The USB standard defines device classes.
Some classes are directly supported by the system, like some HID (Human Interface Device), as for mouse and keyboard, those are HID Mouse or HID Keyboard classes.
The COM port is a serial communication called CDC Class that is also directly supported by the system was made to keep backward compatibility with the old serial port on computers.
Some other classes are Mass Storage, for a flash dongle, and some other audio and printers.
One thing to know is that USB devices are identified with a VID (Vendor ID) and PID (product ID). You need to pay a fee to the USB foundation to get your own VID.
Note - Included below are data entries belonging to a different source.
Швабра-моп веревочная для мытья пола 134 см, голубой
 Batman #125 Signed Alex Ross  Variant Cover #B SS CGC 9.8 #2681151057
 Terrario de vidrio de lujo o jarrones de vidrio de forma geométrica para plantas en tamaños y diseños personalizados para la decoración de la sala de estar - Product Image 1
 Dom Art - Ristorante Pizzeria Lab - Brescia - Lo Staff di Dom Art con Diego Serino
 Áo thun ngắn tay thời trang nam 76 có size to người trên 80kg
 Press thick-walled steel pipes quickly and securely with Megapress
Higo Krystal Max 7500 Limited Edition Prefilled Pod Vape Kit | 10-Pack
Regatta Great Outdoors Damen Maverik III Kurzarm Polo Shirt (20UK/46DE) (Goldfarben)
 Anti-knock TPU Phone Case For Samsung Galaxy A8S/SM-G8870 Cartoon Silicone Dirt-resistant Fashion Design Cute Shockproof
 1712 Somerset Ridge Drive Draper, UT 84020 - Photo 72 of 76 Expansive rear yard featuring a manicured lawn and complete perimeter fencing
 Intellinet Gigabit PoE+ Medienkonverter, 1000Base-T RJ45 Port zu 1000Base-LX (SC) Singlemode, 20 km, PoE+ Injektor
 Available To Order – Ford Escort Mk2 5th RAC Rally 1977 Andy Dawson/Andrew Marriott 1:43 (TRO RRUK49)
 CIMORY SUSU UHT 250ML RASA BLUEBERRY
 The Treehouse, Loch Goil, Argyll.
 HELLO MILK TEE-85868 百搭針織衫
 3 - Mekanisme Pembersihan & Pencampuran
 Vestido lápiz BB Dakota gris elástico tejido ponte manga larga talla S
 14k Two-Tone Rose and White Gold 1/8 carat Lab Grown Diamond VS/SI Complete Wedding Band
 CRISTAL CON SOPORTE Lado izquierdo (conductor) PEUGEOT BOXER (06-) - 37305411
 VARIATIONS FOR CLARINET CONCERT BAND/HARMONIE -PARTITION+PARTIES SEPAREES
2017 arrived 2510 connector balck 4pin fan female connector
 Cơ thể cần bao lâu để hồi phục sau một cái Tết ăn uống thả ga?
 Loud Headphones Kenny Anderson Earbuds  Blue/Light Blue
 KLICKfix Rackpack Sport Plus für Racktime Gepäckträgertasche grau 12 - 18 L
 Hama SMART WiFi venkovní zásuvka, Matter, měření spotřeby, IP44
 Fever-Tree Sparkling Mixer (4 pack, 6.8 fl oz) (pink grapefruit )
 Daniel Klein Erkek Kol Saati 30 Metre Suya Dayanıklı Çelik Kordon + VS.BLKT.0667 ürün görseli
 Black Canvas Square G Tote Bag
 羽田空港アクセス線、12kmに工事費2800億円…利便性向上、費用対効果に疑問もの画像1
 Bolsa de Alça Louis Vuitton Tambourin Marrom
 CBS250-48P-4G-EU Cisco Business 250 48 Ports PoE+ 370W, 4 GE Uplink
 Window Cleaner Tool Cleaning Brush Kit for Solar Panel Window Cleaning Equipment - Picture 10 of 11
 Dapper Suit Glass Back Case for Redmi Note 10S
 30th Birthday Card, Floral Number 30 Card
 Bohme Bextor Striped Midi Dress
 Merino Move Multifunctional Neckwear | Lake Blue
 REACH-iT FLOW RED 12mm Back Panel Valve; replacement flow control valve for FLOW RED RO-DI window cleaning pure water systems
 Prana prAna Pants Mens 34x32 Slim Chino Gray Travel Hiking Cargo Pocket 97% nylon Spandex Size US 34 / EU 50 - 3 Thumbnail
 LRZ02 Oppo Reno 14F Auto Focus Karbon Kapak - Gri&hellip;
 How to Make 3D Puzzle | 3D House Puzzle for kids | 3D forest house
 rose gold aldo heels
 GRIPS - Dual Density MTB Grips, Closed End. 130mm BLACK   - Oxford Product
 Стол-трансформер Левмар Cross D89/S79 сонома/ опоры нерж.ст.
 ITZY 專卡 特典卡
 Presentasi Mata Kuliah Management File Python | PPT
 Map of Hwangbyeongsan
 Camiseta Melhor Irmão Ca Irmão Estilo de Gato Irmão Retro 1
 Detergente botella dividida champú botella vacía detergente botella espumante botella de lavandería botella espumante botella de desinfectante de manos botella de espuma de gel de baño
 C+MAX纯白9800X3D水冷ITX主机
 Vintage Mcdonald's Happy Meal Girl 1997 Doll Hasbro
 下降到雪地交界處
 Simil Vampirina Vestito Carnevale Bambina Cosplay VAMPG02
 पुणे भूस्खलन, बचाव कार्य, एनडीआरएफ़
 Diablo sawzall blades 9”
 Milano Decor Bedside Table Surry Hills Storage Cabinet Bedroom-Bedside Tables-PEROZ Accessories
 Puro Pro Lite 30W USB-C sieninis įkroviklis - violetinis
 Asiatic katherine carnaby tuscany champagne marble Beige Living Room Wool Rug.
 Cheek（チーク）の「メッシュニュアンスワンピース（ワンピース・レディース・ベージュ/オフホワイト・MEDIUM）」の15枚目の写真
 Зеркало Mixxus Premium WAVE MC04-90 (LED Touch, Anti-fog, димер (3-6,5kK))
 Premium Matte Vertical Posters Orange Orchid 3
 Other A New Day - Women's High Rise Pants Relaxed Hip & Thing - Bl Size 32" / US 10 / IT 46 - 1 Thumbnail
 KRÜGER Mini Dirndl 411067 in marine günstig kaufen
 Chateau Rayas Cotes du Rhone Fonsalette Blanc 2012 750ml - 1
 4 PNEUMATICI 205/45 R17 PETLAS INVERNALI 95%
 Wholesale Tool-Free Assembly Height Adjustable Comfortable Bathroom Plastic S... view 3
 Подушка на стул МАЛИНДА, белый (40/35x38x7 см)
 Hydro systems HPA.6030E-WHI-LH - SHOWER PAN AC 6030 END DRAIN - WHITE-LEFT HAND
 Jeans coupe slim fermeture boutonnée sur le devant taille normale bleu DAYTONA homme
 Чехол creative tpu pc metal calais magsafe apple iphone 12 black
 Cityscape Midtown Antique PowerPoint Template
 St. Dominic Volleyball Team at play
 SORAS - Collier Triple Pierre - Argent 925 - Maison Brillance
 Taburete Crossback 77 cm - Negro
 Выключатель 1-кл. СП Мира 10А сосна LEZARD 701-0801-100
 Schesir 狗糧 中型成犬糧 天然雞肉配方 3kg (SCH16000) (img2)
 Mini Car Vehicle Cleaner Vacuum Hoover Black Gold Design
Then if your device needs specific communication, you can make your own driver. For example, you can make an HID Device class device that would require a driver. For USB devices usually, you can find drivers from the stack supplier (like a microchip, Atmel) and modify the .inf file to match your product VID and PID without having to write the driver yourself, but since win10 you need a driver signing certificate to sign your drivers in order to install them.
Often on a simple dev board, COM Serial is the most used communication standard because it's easy to implement, although not the best as you have to parameterize the system (set com port, baud rate...).
If you want to keep the COM port. a trick on Windows (and probably on other platforms), you can list the com port and find their VID and PID if they are USB. This way you can find what COM port is your device without needing user input.
Better if you make your own device driver, you can implement that with many micro-controller like Atmel, Microchip amongst many others. You can download the USB stack code and get started. The best way is to start with some dev board from a specific vendor.
Overall, now most of the microcontroller manufacturers will provide the USB stack, and is often "easily" done through some configuration and a bit of code.
USB might seem a bit dompting when you want to make your own driver and it takes some time to have everything figured between firmware, hardware, driver, but it's worth it if you want to make any sorts of device that communicates with a computer.
In 2020, I still see so many, even recent, industrial equipment using the old COM port as the engineer didn't know better, and always gives the feel that the equipment is subpar. Isn't that neat when you connect your device that it lists itself with the device name, your company name and that the software automatically finds it rather than having an old COM configuration window from the 90s?